Shanahan v. City of S. Omaha

Decision Date06 February 1902
Citation89 N.W. 285,2 Neb. [Unof.] 466
PartiesSHANAHAN v. CITY OF SOUTH OMAHA ET AL. OWENS ET AL. v. CITY OF SOUTH OMAHA ET AL.
CourtNebraska Supreme Court

OPINION TEXT STARTS HERE

Commissioners' opinion. Department No. 3. Appeal from and error to district court, Douglas county: Dickinson, Judge.

“Not to be officially reported.”

Action by John M. Shanahan, administrator, against the city of South Omaha and others, and by John O. Owens and others against the same defendants. The actions were consolidated, and from the judgment John M. Shanahan brings error, and John M. Shanahan in the second action appeals. Reversed.T. J. Mahoney, for appellant and plaintiff in error.

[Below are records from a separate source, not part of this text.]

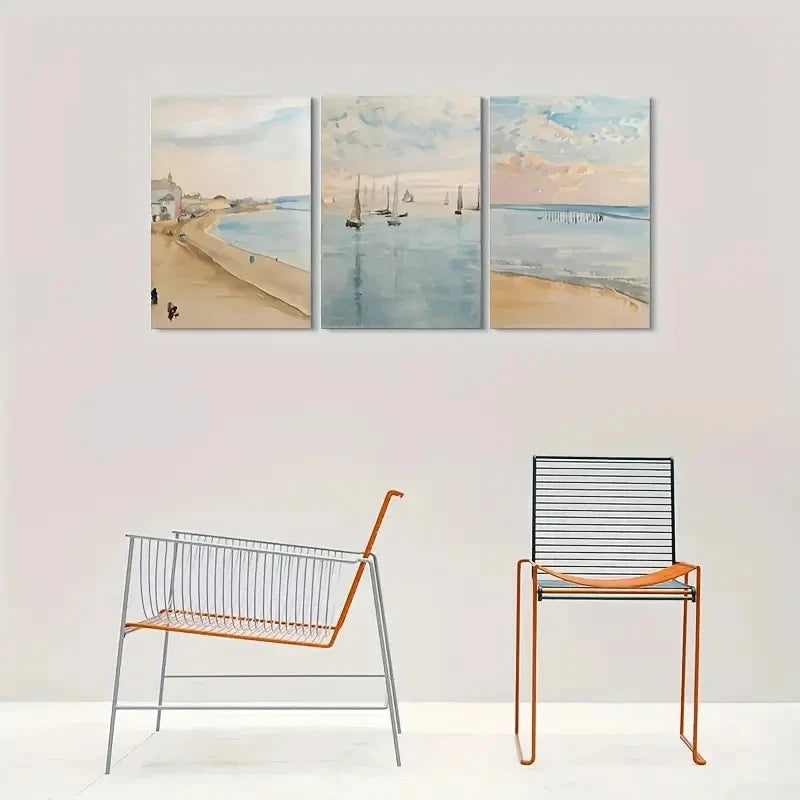 3pcs Beach Scene Sailboats and Sunset Sky Metal Print Ready to Hang Art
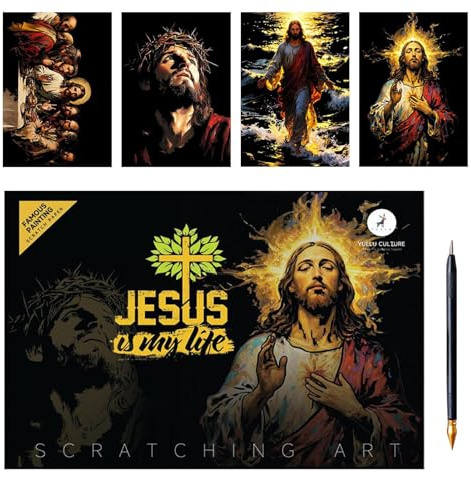 Celuicion Libro da grattare - Kit di pittura per graffiare Gesù, 1 set di artigianato creativo su cartone per compleanno amici 3 anni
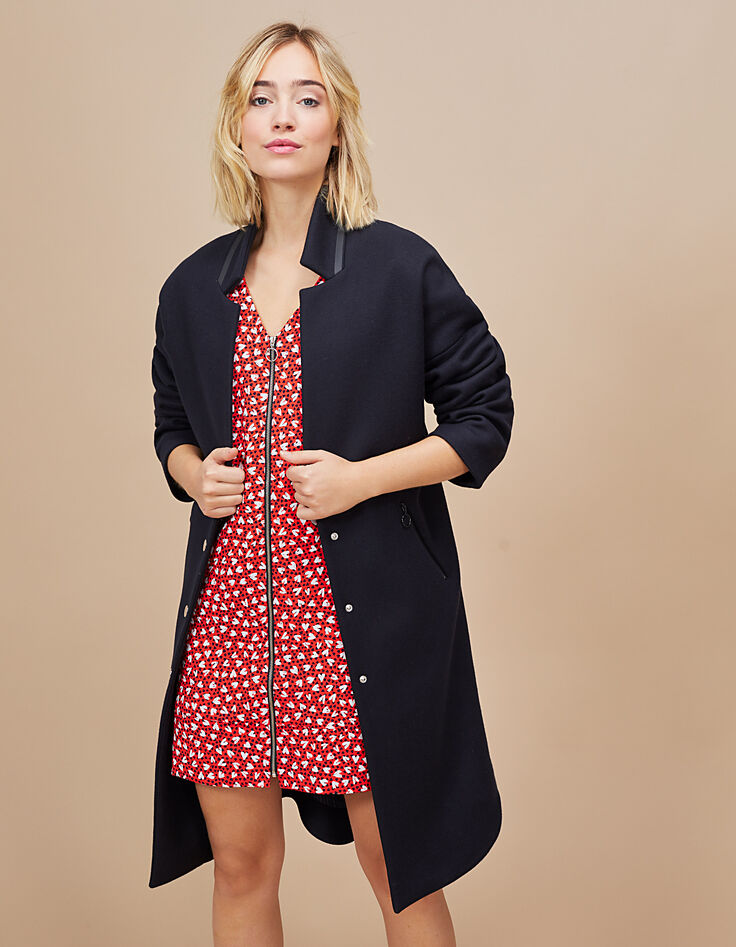 Manteau noir long détail au col I.Code-4 Manteau noir long détail au col I.Code-4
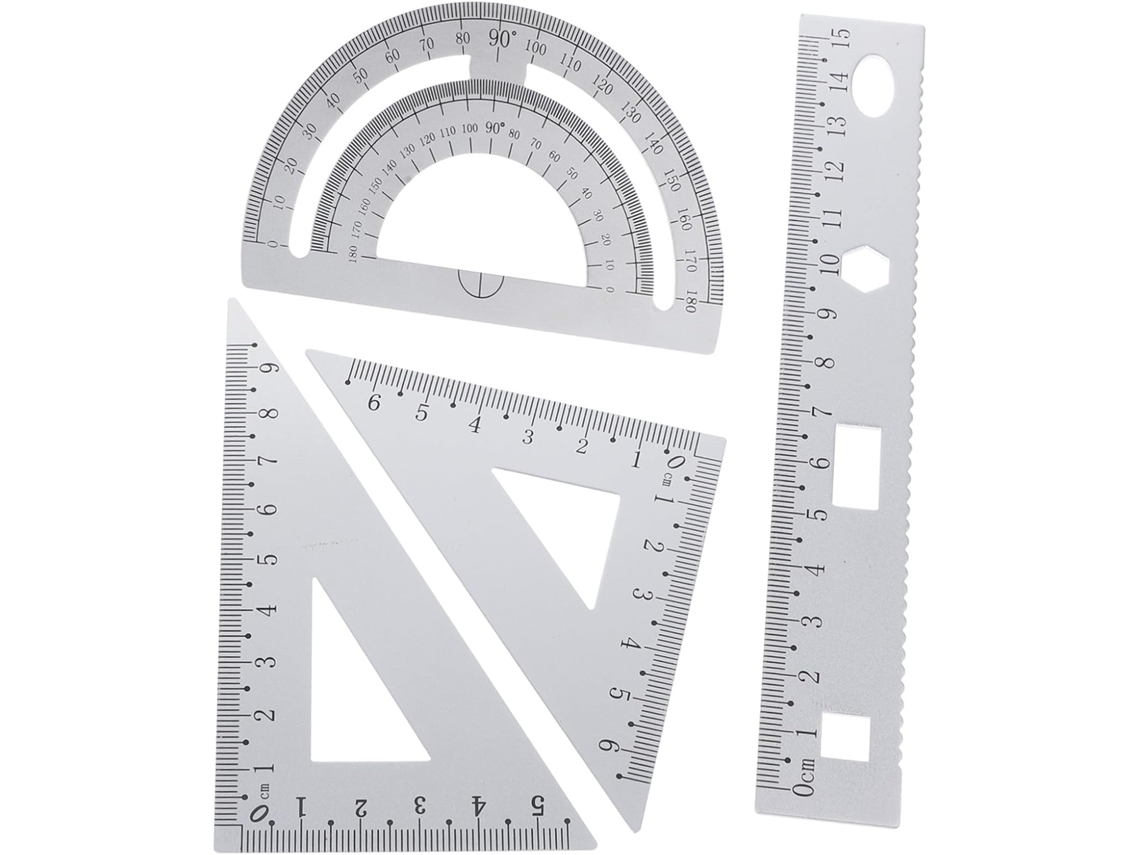 Conjunto de régua de metal com placa triangular e decalque, durável e fácil de transportar, ideal para decoração e...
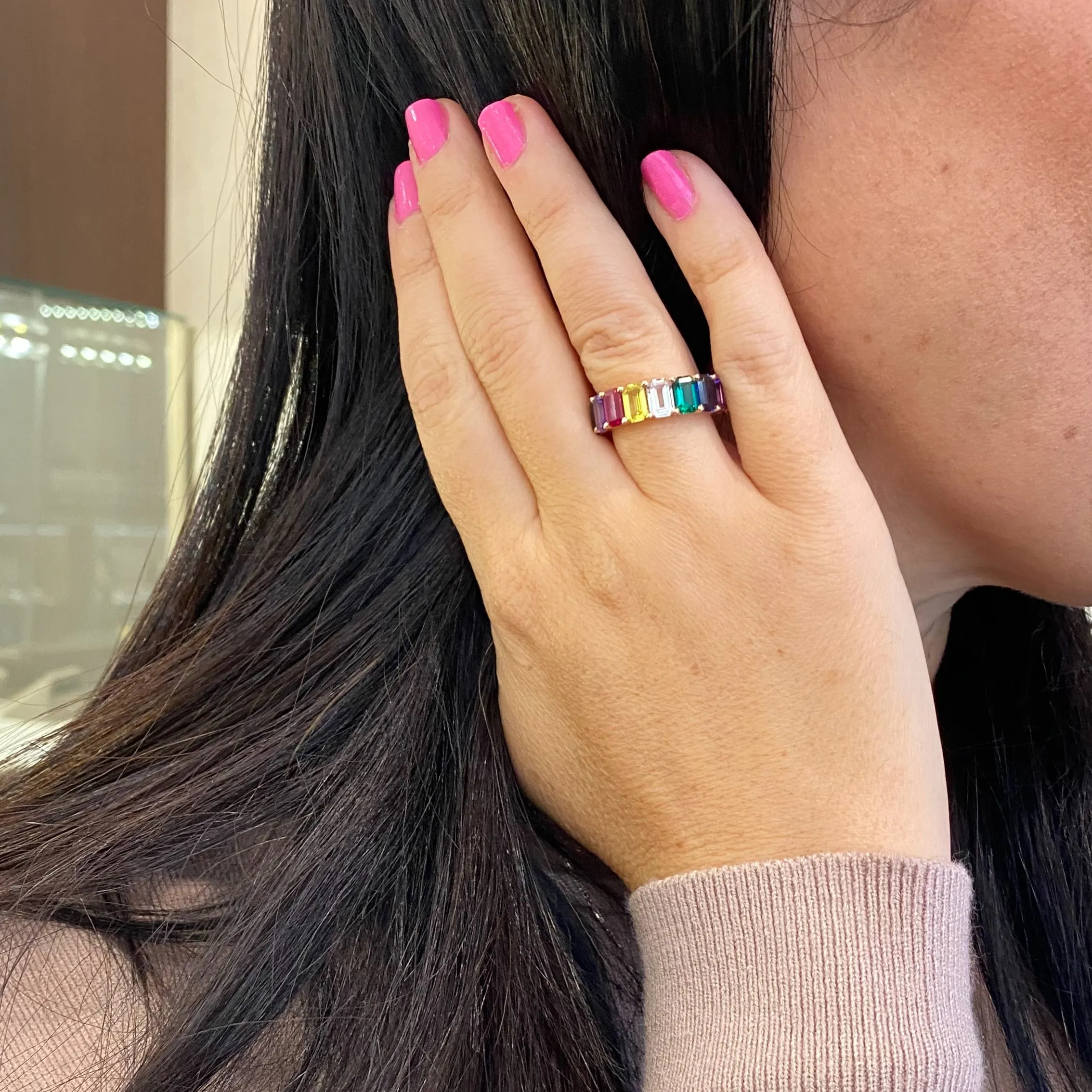 Multicolor Emerald-Cut Gemstone Eternity Ring
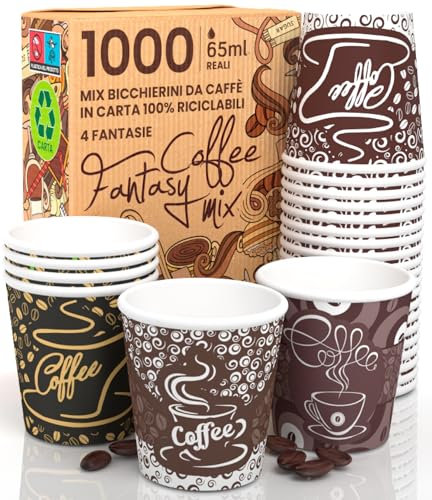 1000 Bicchierini in Carta per caffè 65ml Coffee Fantasy Bicchieri Riciclabili Piccoli Monouso Asporto Bevande Calde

R. B. Montgomery, for appellees and defendants in error.

AMES, C.

These causes were submitted together, upon oral argument and brief, on behalf of the appellant and plaintiff in error, Shanahan, alone; the city of South Omaha and Owens being in default in this court. In accordance with a rule heretofore announced by this court, the facts disclosed by the record will be taken to be such as they are represented to be by the brief. Their statement is somewhat voluminous, but it cannot be considerably abridged without sacrifice of necessary clearness in the presentation of the questions of law involved.

The two cases were tried together in the court below, and both disposed of on the same evidence. The bills of exceptions are exact duplicates, and the questions involved in both cases are identical; and for these reasons both will be disposed of as one, and in a single opinion.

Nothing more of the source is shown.